Esta passagem do Apocalipse alimenta a fé e a esperança da Igreja – não só a geração contemporânea de São João, mas ao longo de toda a história – enquanto caminha ainda por este mundo, vale de lágrimas. Assim o proclama o Concílio Vaticano II: “Ignoramos o tempo em que acontecerá a consumação da terra e da humanidade. Tão pouco conhecemos de que maneira se transformará o universo. A figura deste mundo manchada pelo pecado passa, mas Deus ensina-nos que nos prepara uma nova morada e uma nova terra onde habitará a justiça e cuja bem-aventurança é capaz de saciar e superar todos os anelos de paz que nascem no coração humano. Então, vencida a morte, os filhos de Deus ressuscitarão em Cristo, e o que foi semeado sob o signo de debilidade e da corrupção, revestir-se-á de incorruptibilidade, e, permanecendo a caridade e as suas obras, todas as criaturas, que Deus criou pensando no homem, ver-se-ão livres da escravidão da vaidade”.

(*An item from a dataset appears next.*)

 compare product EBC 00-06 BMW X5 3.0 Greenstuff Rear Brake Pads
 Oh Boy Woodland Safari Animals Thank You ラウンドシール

Outra explicação semelhante (Ap 21, 1-4). Uma vez executado o juízo final, se abre uma nova vida para os predestinados. Toda a natureza visível será renovada e transformada. Do mesmo modo que, pelo pecado do homem, a natureza foi submetida à maldição e à corrupção, assim também agora, com a glorificação do homem, será livrada da corrupção e passará a um estado melhor.

São João Evangelista, vidente de Patmos, contempla um novo céu e uma nova terra. Esta ideia é um tema apocalíptico que tem também grandes ressonâncias nas esperanças messiânicas. O profeta Isaías anuncia para os tempos messiânicos a criação de “novos céus e uma nova terra” (Is 65, 17).

São Paulo espera uma espécie de nova criação pela qual suspiram as criaturas, sentindo como dores de parto enquanto chega a regeneração espiritual do homem (Rm 8, 19-23).

O mar, a imitação da terra, desaparecerá do mundo novo que surgirá depois da grande purificação do juízo final. A desaparição do mar é também uma expressão apocalíptica que se encontra na literatura judia.

O Dragão do capítulo 12 do Apocalipse aproximou-se da praia, junto ao mar; e a Besta de sete cabeças e dez chifres sai do mar. Moisés, à saída do Egito, secou o mar vermelho para que passasse o povo de Israel. No mundo novo que surgirá no final dos tempos já não existirá o mar.

Esta completa renovação do mundo exige que a nova capital, a nova Jerusalém, seja totalmente celeste. Por isso o autor sagrado disse que viu a cidade santa descer do céu do lado de Deus.

Apresenta-se como uma noiva ricamente enfeitada. É chamada de cidade santa porque nela surgirá o templo do único Deus verdadeiro. E ao mesmo tempo será nova porque nela já não haverá nenhuma coisa impura ou profana. Jerusalém era o símbolo da aliança de Deus com o povo escolhido. A literatura rabínica fala da existência de um modelo da cidade de Jerusalém junto a Deus antes que fora fundada na terra. São João se serve dessa crença judia de uma Jerusalém preexistente, que se manifestaria nos tempos escatológicos, para descrevermos uma nova Jerusalém totalmente espiritual, mansão dos eleitos.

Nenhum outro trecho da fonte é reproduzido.